History had a different plan. Several hundred miles away, on October 23, Hungarian students revolted against their Soviet oppressors. “I was ecstatic,” recalls Edwards. “My dormant anti-Communism came alive.” As he “put aside Baudelaire and Colette,” however, the Soviets picked up their weapons and struck back, slaughtering more than 2,000 Hungarians and forcing more to flee. Enraged by the U.S. government’s inaction, Edwards took an oath: “I resolved that for the rest of my life, wherever I was, whatever I was, I would help those who resisted Communism however I could.”

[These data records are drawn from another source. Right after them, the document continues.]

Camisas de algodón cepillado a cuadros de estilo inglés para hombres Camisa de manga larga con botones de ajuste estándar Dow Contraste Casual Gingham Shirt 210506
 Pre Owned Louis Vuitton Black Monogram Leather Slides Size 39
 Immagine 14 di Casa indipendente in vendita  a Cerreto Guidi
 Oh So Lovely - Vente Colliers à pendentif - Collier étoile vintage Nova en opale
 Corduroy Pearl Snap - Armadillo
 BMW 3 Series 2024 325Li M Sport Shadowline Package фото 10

And that’s more or less what Edwards did over the next six decades as a writer, editor, activist, press agent, and historian — and now, finally, as a memoirist. Just Right is his valuable, career-capping book, bursting with personal stories about the rise of the conservative movement, from Barry Goldwater’s doomed presidential campaign to the triumph of Ronald Reagan, from the bleakest days of the Cold War to the construction of the Victims of Communism Memorial a decade ago.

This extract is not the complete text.